Quant à l’interprétation, dirigée avec un grand soin par François‑Xavier Roth, elle paraît çà et là un peu prudente, parfois hésitante du côté du pianiste Jean‑Frédéric Neuburger, appelé à remplacer au dernier moment Jean‑François Heisser. Mais rien qui atténue l’impact de cette œuvre majeure, qui nous oblige à écouter autrement, avec des moyens toujours aussi novateurs, même quarante ans après. Lachenmann aime à répéter : « N’importe qui peut écouter, mais entendre n’est pas donné à tout le monde. » Ce soir, pourtant, d’importants messages semblent bien être passés. Applaudissements chaleureux pour le compositeur et les interprètes, suivis d’un Joyeux anniversaire jazzy joué par une partie de l’orchestre : un hommage sympathique et pleinement réussi.

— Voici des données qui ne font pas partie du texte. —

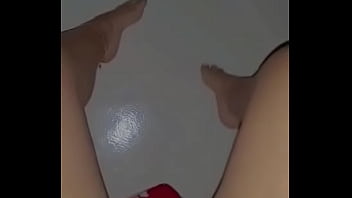 Tocando mi conchita estrecha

Autre affaire en seconde partie : les débuts encore tout récents de François‑Xavier Roth à la tête du SWR Symphonieorchester. Une nomination concomitante de polémiques embarrassantes que l’on n’a guère envie d’évoquer ici, mais surtout à la tête d’un orchestre toujours marqué par les séquelles d’une politique culturelle catastrophique, aberration déjà longuement analysée dans ces colonnes et qu’il serait vain de continuer à ressasser, même si ses effets perdurent. Quoi qu’il en soit, les années ont passé, au point que François‑Xavier Roth puisse accepter aujourd’hui un poste qu’il aurait certainement décliné lorsque la crise institutionnelle battait son plein. Preuve que même les blessures les plus profondes peuvent finir par cicatriser.

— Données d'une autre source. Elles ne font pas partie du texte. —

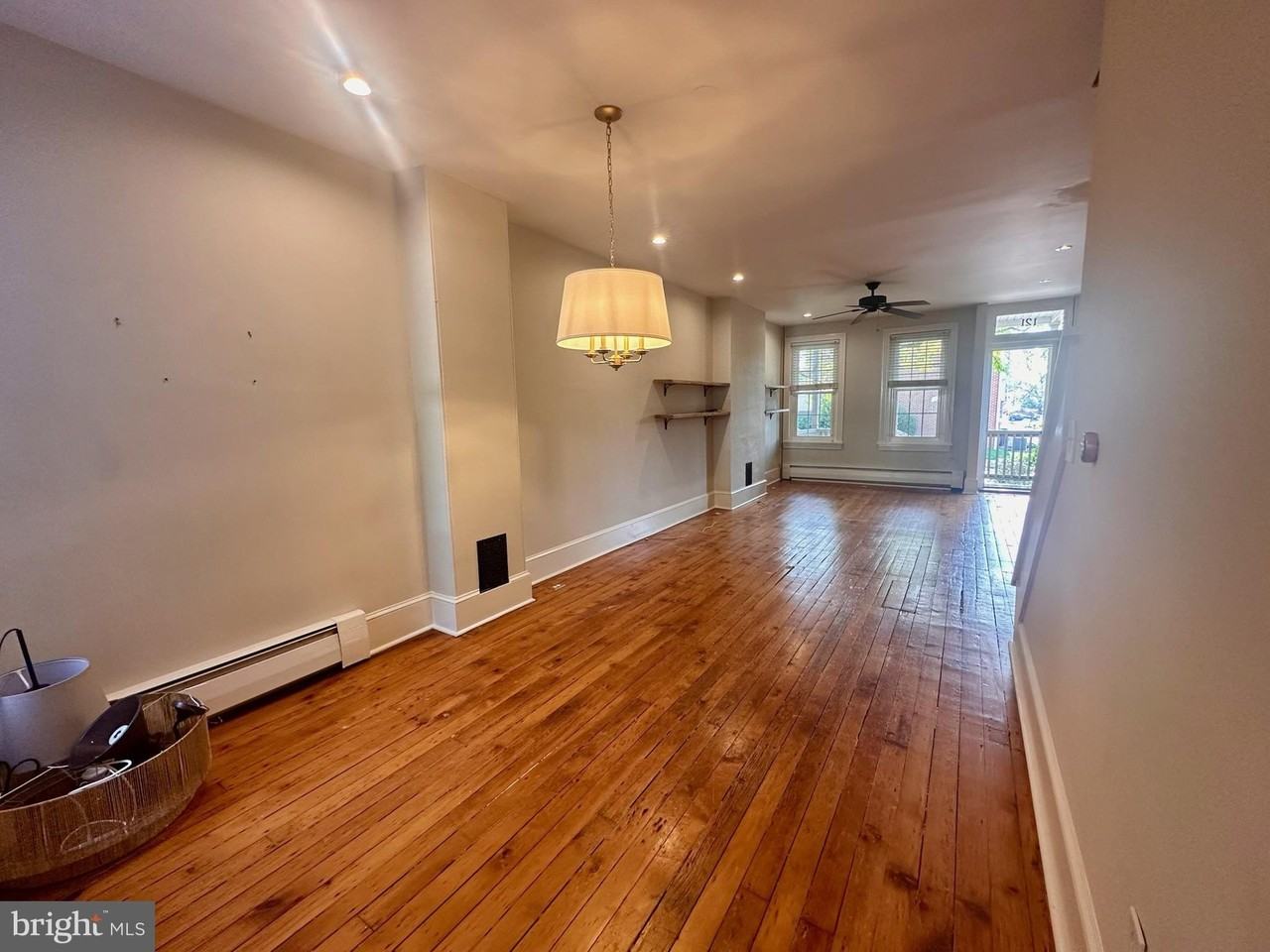 121 W Biddle St - Photo 7 of 28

Entre-temps, la carrière artistique de François‑Xavier Roth s’est nettement infléchie vers l’historiquement informé, et ce qu’il propose ce soir dans Beethoven n’a plus grand‑chose à voir avec l’héritage façonné naguère par Michael Gielen à la tête du défunt Orchestre du SWR de Baden‑Baden et Freiburg. Peut‑être davantage, en revanche, avec les pratiques défendues par Roger Norrington à la tête du tout aussi défunt Orchestre du SWR de Stuttgart : éviction quasi systématique du vibrato, cors et trompettes naturels, timbales viennoises nettement plus « claquantes » que les modèles à pédale, etc. Il en résulte une Septième Symphonie martiale, astringente, sèche, pugnace... On pourrait multiplier les adjectifs, mais ils resteraient tous dans cette zone un peu inconfortable, disons, modérément agressive. Une esthétique qui semble toutefois convenir à un orchestre où l’on remarque de nombreux nouveaux musiciens, très jeunes, et qui, de toute façon, demeure pensée, maîtrisée, sans verser dans trop d’excès (en particulier un dernier mouvement maintenu dans un tempo relativement raisonnable).

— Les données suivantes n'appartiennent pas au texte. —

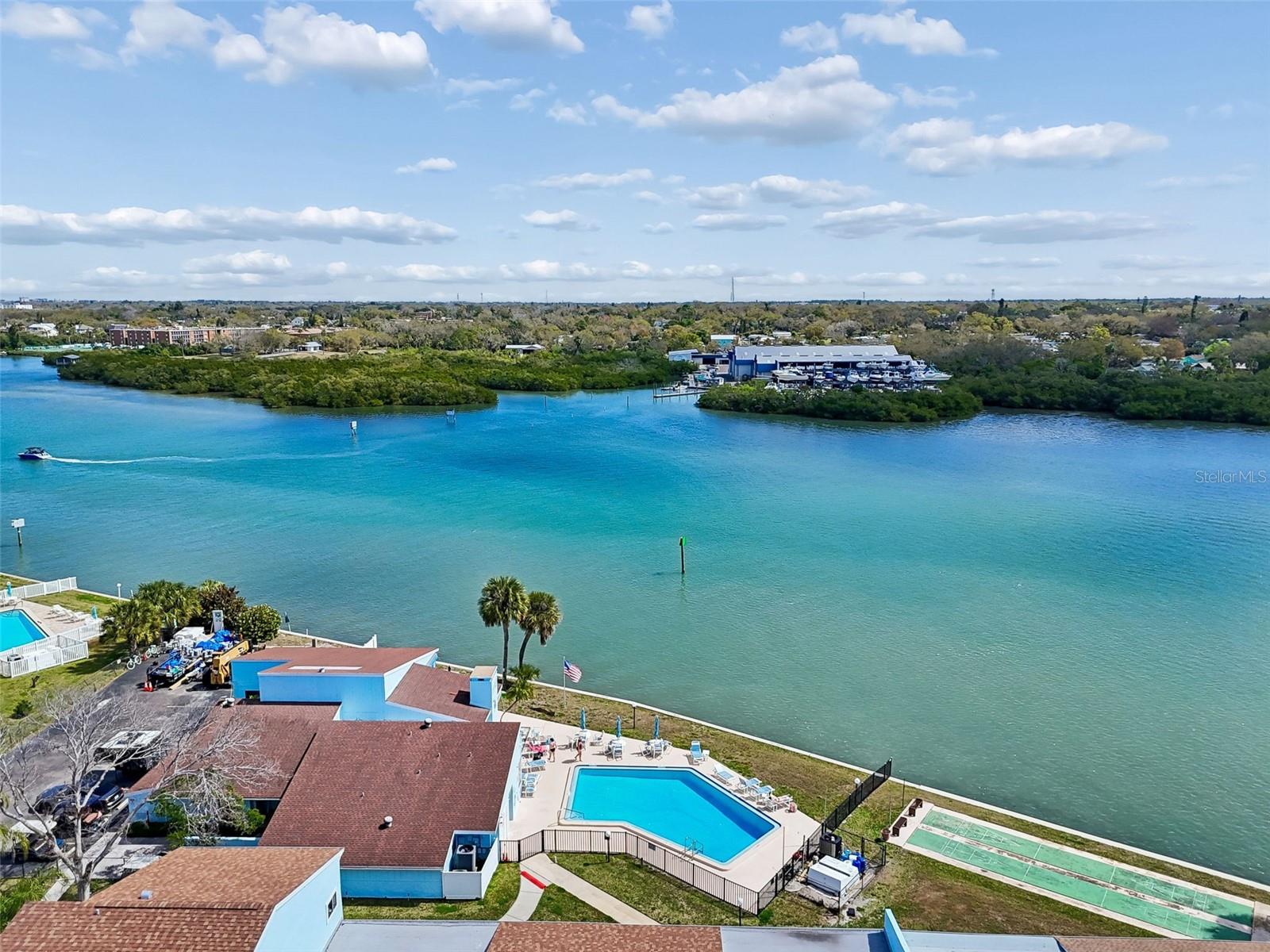 WINDRUSH COVE PH 1 CONDO - Residential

Créditons au moins ici François-Xavier Roth d’un effort réel pour redonner une personnalité à un orchestre qui, longtemps, n’en avait plus aucune, même si ce n’est peut‑être pas celle dont on rêve pour cette symphonie. Mais, là encore, tout dépend du système de références de chacun – Harnoncourt et Gardiner, ou Gielen et Karajan ? – puisqu’à une époque où tout jugement trop tranché dans ce domaine tend à devenir suspect, l’appréciation critique ne semble plus permise que sous cette forme prudemment relative. Un point marquant cependant : quelques mesures au cours du premier mouvement, où Beethoven sonne presque... comme du Lachenmann ! Et ça, quand même, c’est très fort.